● **Assigned task**
Repeat every record below exactly, omitting any pictures.

======== Given information

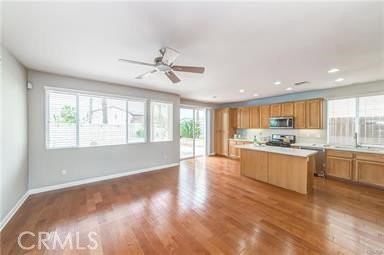 1019 Autumn Leaf Ct - Photo 4 of 8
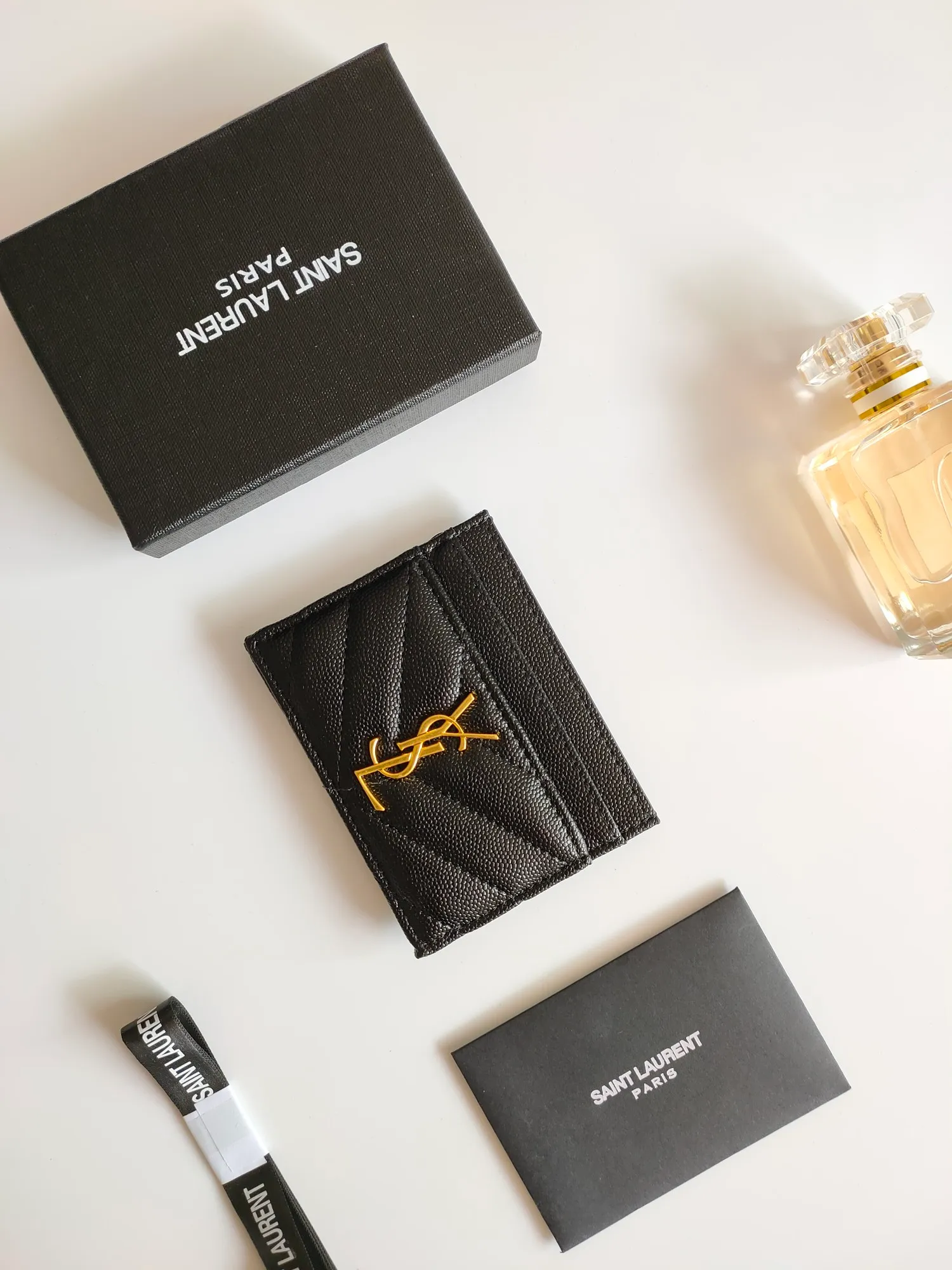 💰110 Yves Saint Laurent new products shipped👉Genuine pickup bag, cowhide ball pattern🎀Sheep pattern microfiber lining, jacquard stitching genuine leather credit card holder, metal interlocking YSL logo original single pair hardware, copy details😋Style number: 423291😎Size: 10.5×7.5×0.5cm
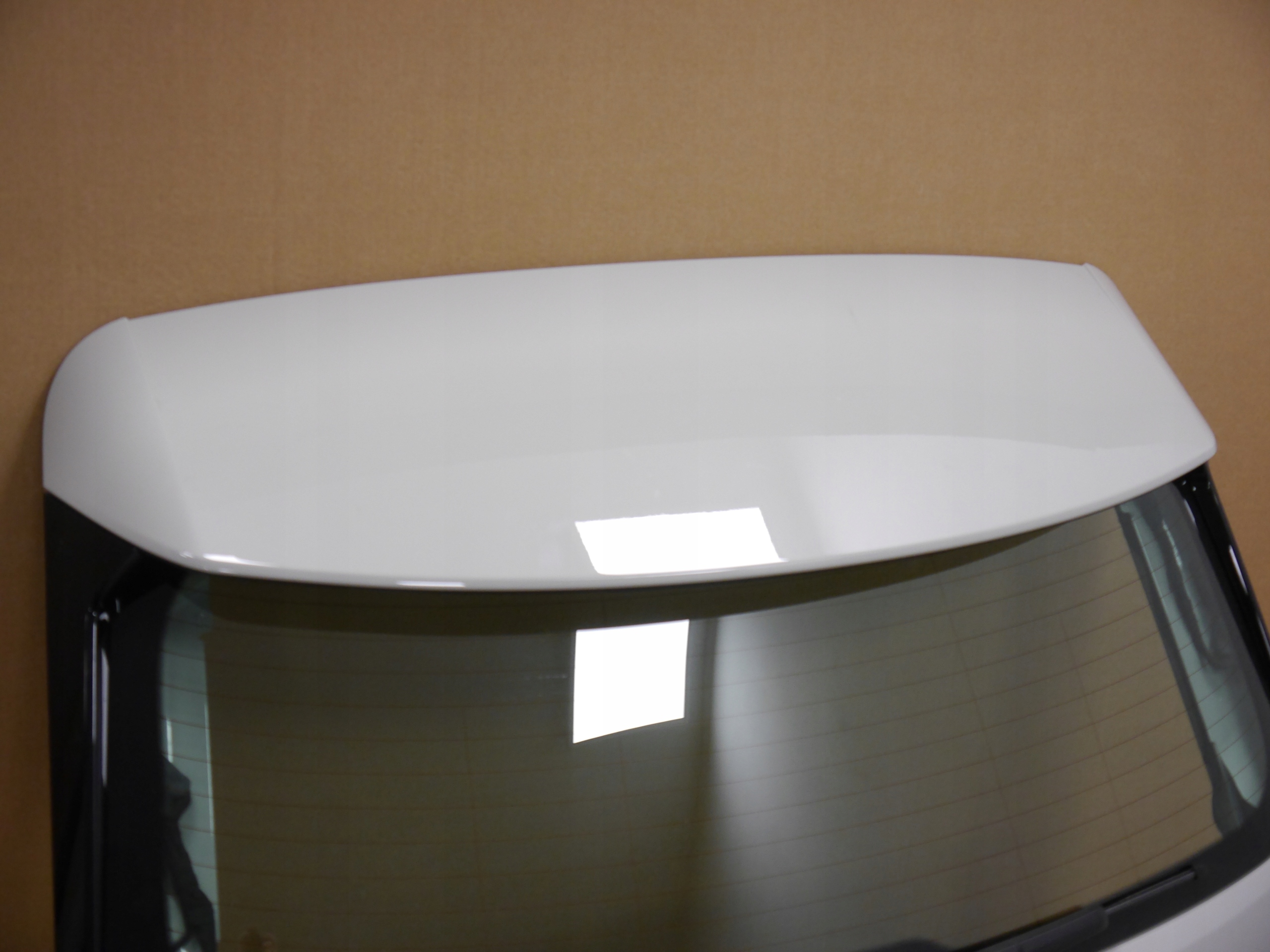 AUDI E-TRON 55 KLAPA TYŁ BAGAŻNIKA LZ1W Typ samochodu Samochody osobowe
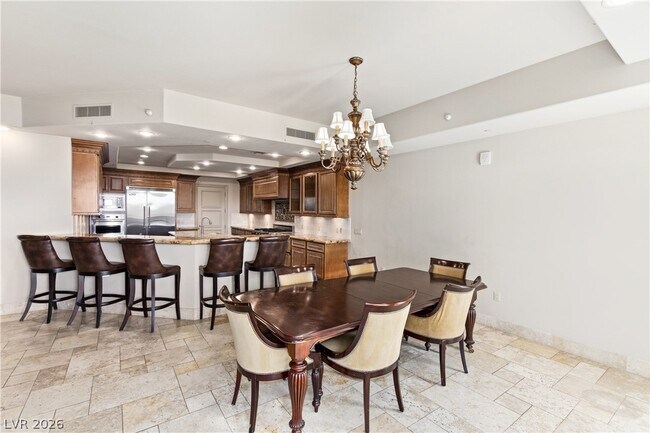 Building Photo - 9103 Alta Dr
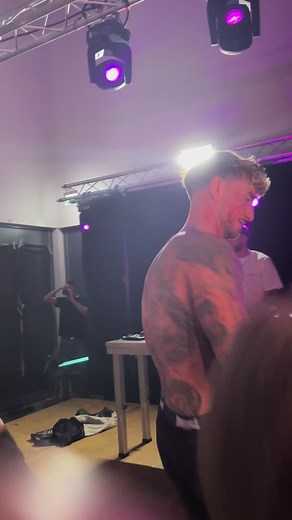 Karl Er En Karl: Tes Boys Live Koncert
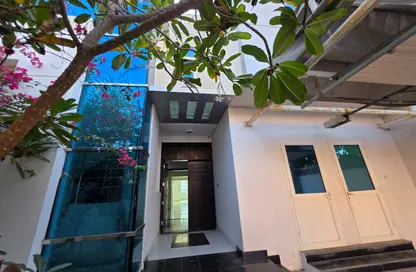 فيلا - 4 غرف نوم - 7 حمامات للايجار في معسكر آل نهيان - أبوظبي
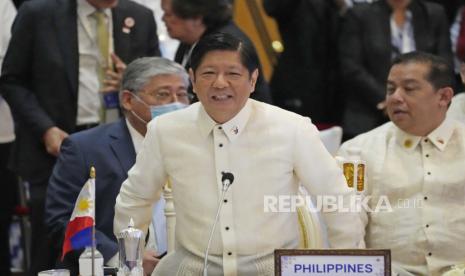 Presiden Filipina Ferdinand Marcos Jr. terbang ke China untuk kunjungan tiga hari. Ia mengatakan menantikan pertemuan dengan Presiden Xi Jinping untuk meningkatkan hubungan bilateral.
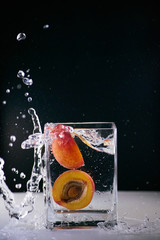 Nectarine plongeant dans un vase rempli d'eau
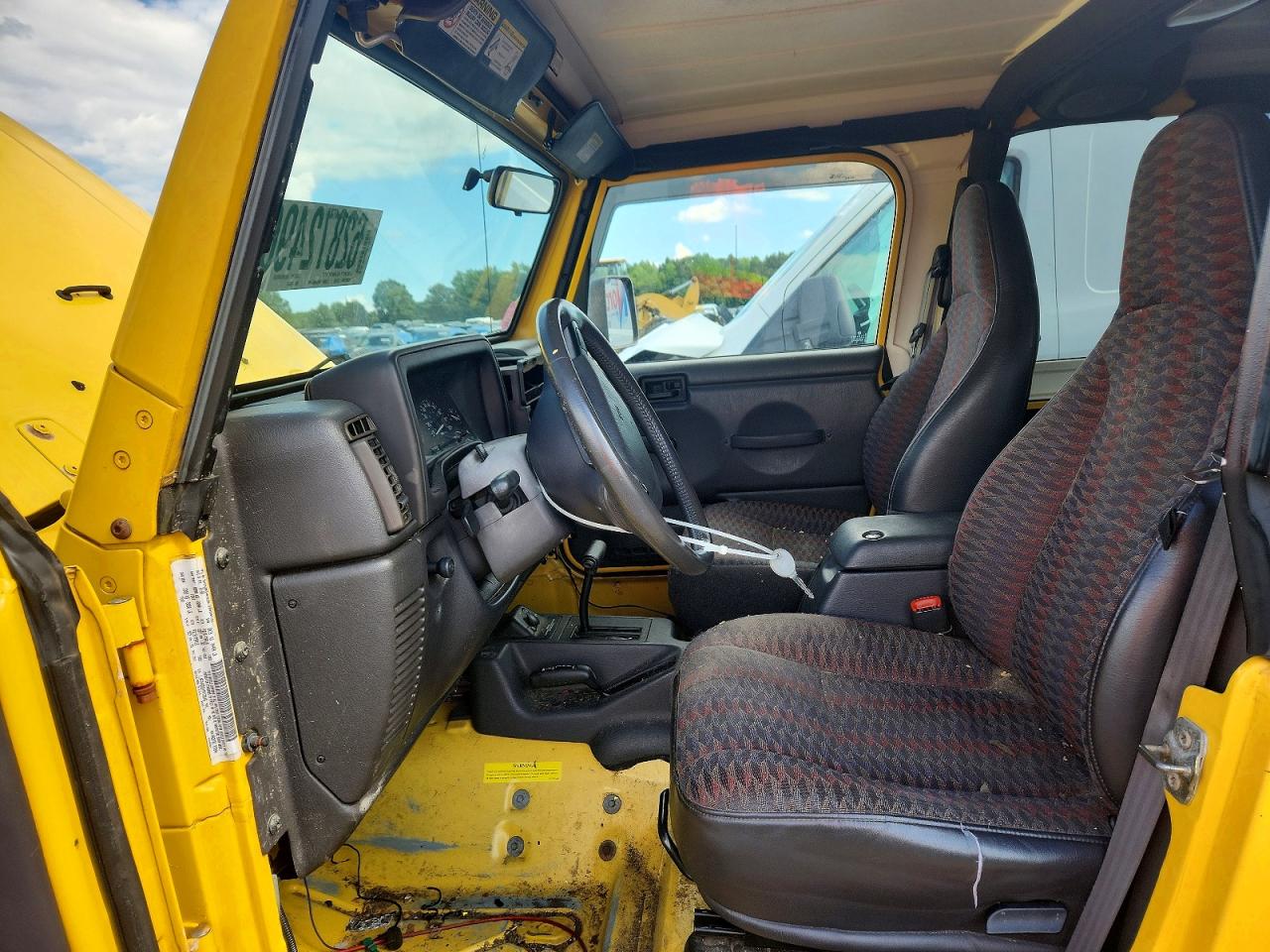 2000 Jeep Wrangler / Tj Sport Yellow vin: 1J4FA49S5YP715646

================

● **Output for this task**
 1019 Autumn Leaf Ct - Photo 4 of 8
 💰110 Yves Saint Laurent new products shipped👉Genuine pickup bag, cowhide ball pattern🎀Sheep pattern microfiber lining, jacquard stitching genuine leather credit card holder, metal interlocking YSL logo original single pair hardware, copy details😋Style number: 423291😎Size: 10.5×7.5×0.5cm
 AUDI E-TRON 55 KLAPA TYŁ BAGAŻNIKA LZ1W Typ samochodu Samochody osobowe
 Building Photo - 9103 Alta Dr
 Karl Er En Karl: Tes Boys Live Koncert
 فيلا - 4 غرف نوم - 7 حمامات للايجار في معسكر آل نهيان - أبوظبي
 Presiden Filipina Ferdinand Marcos Jr. terbang ke China untuk kunjungan tiga hari. Ia mengatakan menantikan pertemuan dengan Presiden Xi Jinping untuk meningkatkan hubungan bilateral.
 Nectarine plongeant dans un vase rempli d'eau
 2000 Jeep Wrangler / Tj Sport Yellow vin: 1J4FA49S5YP715646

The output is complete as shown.